En algunas áreas de la vida del país las alternativas para enfrentar los problemas que afectan a nuestra población ya han sido elaboradas e implementadas con efectividad por grupos de la misma. Así como el Programa de Hogares de Cuidado Diario surgió en los años 70 como producto de la observación de la forma como familias populares resolvían el resguardo de hijos de la mujer trabajadora, distintos problemas han retado la iniciativa y capacidad de gestión de agrupaciones sociales motivando la búsqueda de soluciones.

 

El cooperativismo larense creador desde los años 80 de las Ferias de Consumo Familiar, como circuito integrado de productores agrícolas asociados, unidades de producción comunitaria y asociaciones de consumidores, se enfrentó en los años 90 a la necesidad de aumentar la producción agrícola de grupos campesinos que pudieran “arrimarla” a los puntos de venta en Barquisimeto.

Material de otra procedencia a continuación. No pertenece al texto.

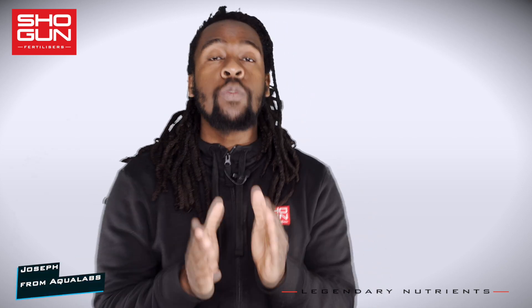I'm Joe from Aqualabs. Welcome to a series where we take a look at the key ingredients that make our products work so well.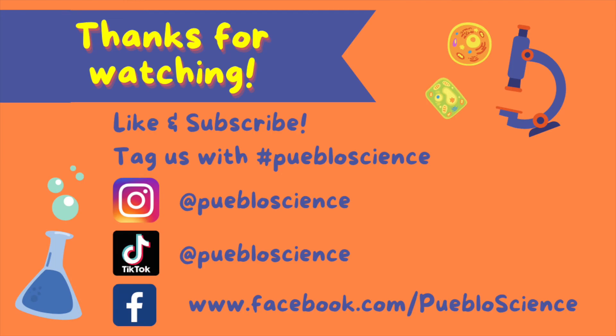Thanks for watching! Try this experiment out at home and make sure to tag Pueblo Science with your results. Subscribe to our YouTube channel and follow us on Facebook, Instagram, and TikTok for more fun science content. Comment down below what you would like us to cover next!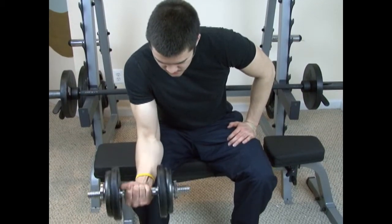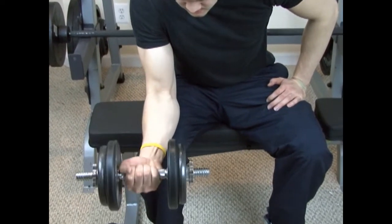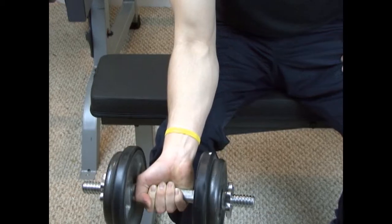This is the palms up wrist curl. It's the exact opposite of the palms down wrist curl. Instead of working out the extensor part of the forearms, you're working out the flexors, which is basically the biggest part of your forearm.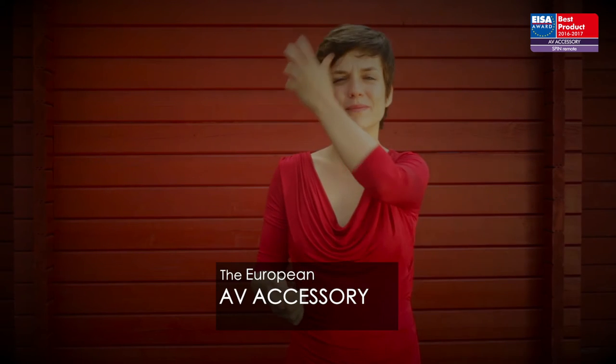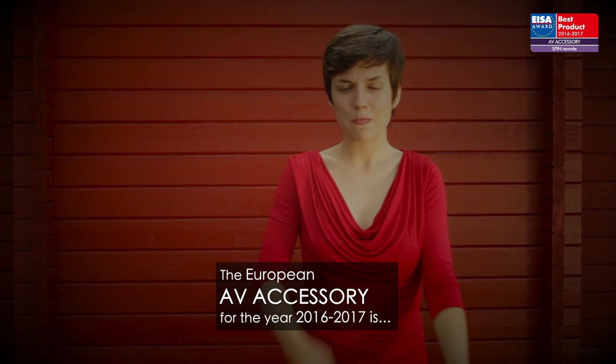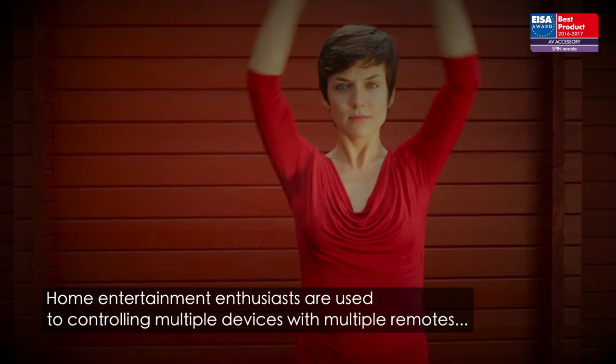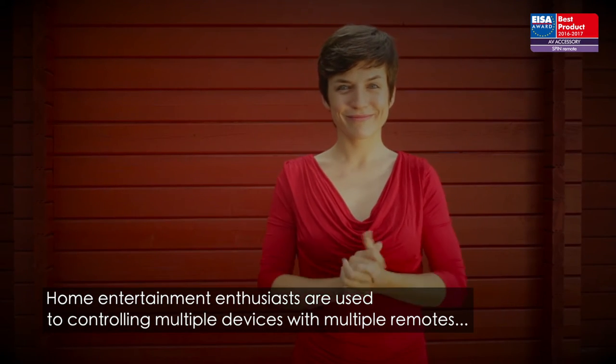The European AV accessory for the year 2016 to 2017 is SpinRemote. Home entertainment enthusiasts are used to controlling multiple devices with multiple remotes, often leading to a frustrating experience.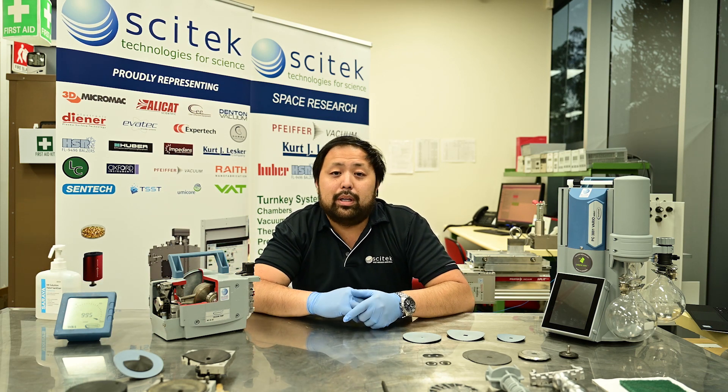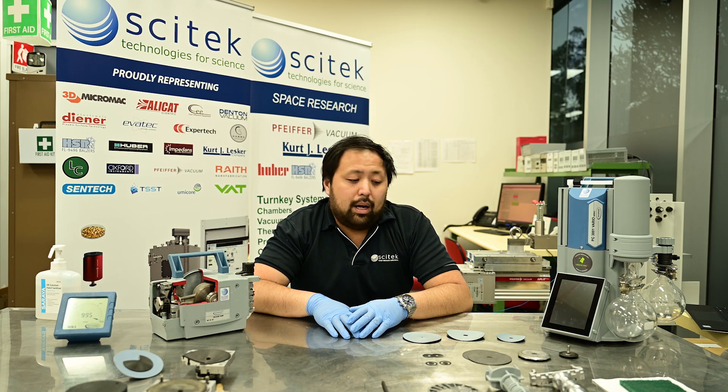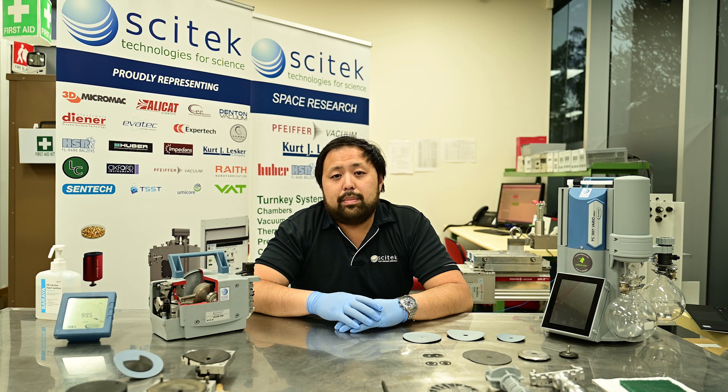These pumps are one of the most commonly used in the industry and we see plenty of them in the service department. They're quite easy to service if you know what you're doing, so today I'm going to give you a few tips about servicing them as well as just going through the different types of pumps you're likely to see in your lab.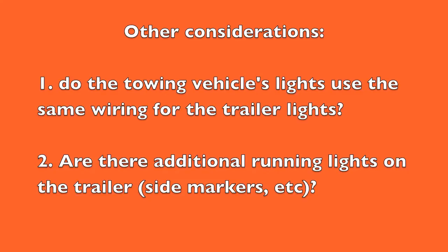Some other questions to ask yourself: do the vehicle's taillights use the same wiring for the trailer lights? If so, you may have to account for a degraded wiring capability in the motorhome or towing vehicle. Also, if the trailer has additional running lights, you may have to increase the taillight circuit wiring even more, since each additional light adds current demand and drops the voltage further. If your light bulbs look a little dim, inadequate wiring may very well be the reason — and at least now you know how to solve that problem.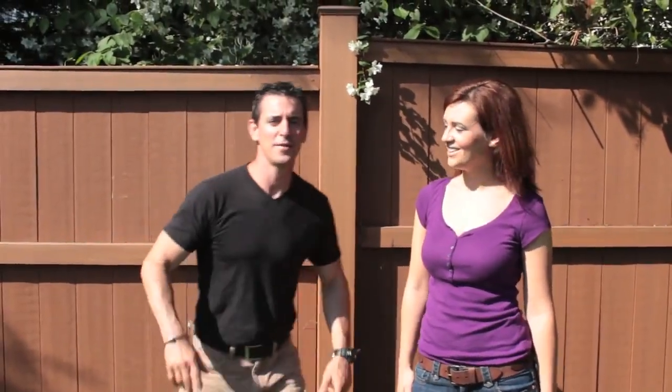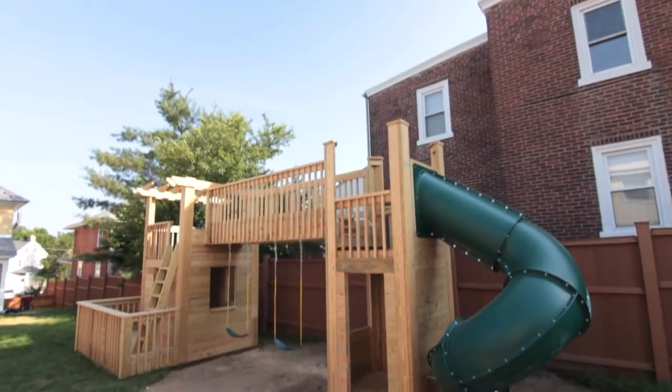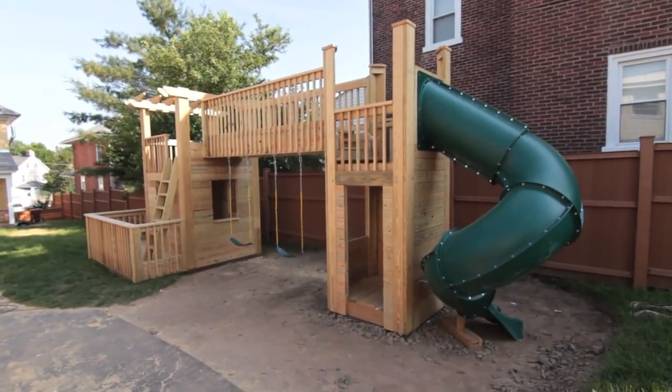You're inside my Fix It Up Life, and today it's all about play. That's right, we're going to turn this patch of grass into a wonderful playset for our kids, and we're going to show you how we do it.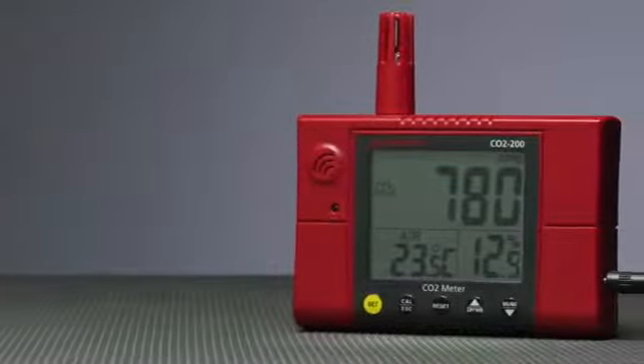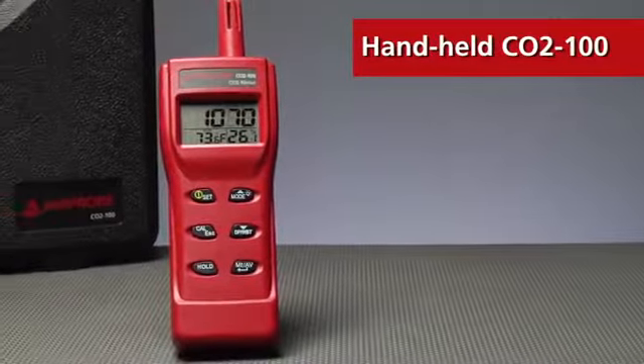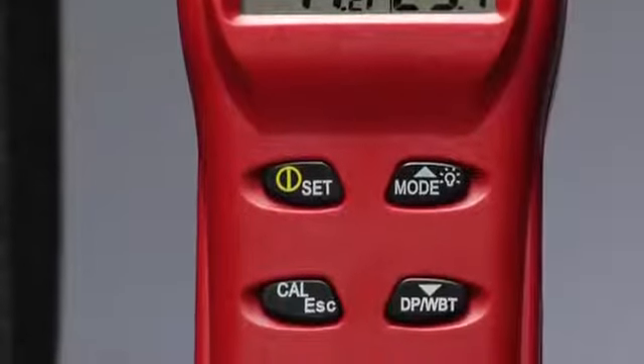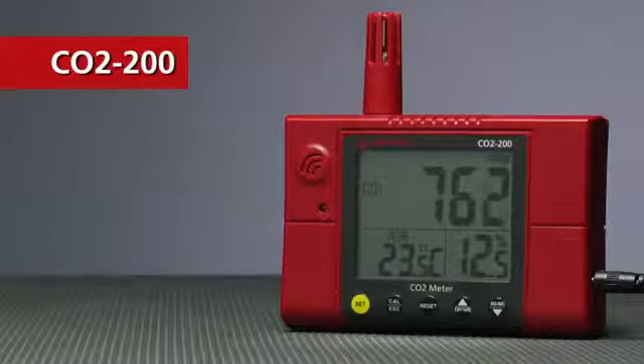Because you can't ask people to hold their breath indefinitely, Amprobe has CO2 monitors for every application. The handheld CO2-100 is perfect for measuring air quality compliance in occupied areas like offices and hospitals. And the wall-mounted CO2-200 is designed for monitoring critical environment controlled areas such as labs and production.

Esta necesidad correspondió a la que se le presentó a productores campesinos afectados por la devaluación de la moneda, el incremento de precios de insumos y la carencia de financiamiento.

 

Ante tales necesidades en la zona alta del Municipio Andrés E. Blanco -capital Sanare- la Cooperativa La Alianza y CECOSESOLA estimularon la asociación de productores sin tierra, arrendatarios, para que organizados pudieran vincularse a las Ferias arrimando su producción e integrándose en sus diversas instancias. A tal fin, el Fondo de Financiamiento creado por los productores ya integrados y CECOSESOLA les otorgaron créditos para la compra de terrenos y los incorporaron a los Comités de Comercialización y Asistencia Técnica.

 

Hoy estos más de 100 productores asociados -organizados en varias asociaciones civiles con personalidad jurídica e instancias de educación y vigilancia- han consolidado sus agrupaciones, han mejorado notablemente su capacidad productiva y sus activos y han elevado su nivel de vida familiar. Se han hecho plenamente cargo del esfuerzo por la transformación de sus vidas y de su comunidad, de forma organizada y responsable, integrándose a un vigoroso movimiento social.

 

Dejaron atrás la amarga vida del campesino arrendatario con el respaldo de la iniciativa organizada y solidaria de un movimiento social que ha venido transformando problemas en alternativas efectivas, sin dependencias ni tutelas estatales, religiosas o privadas. Razón tenía Paulo Freire “Sólo el pueblo salva al pueblo”.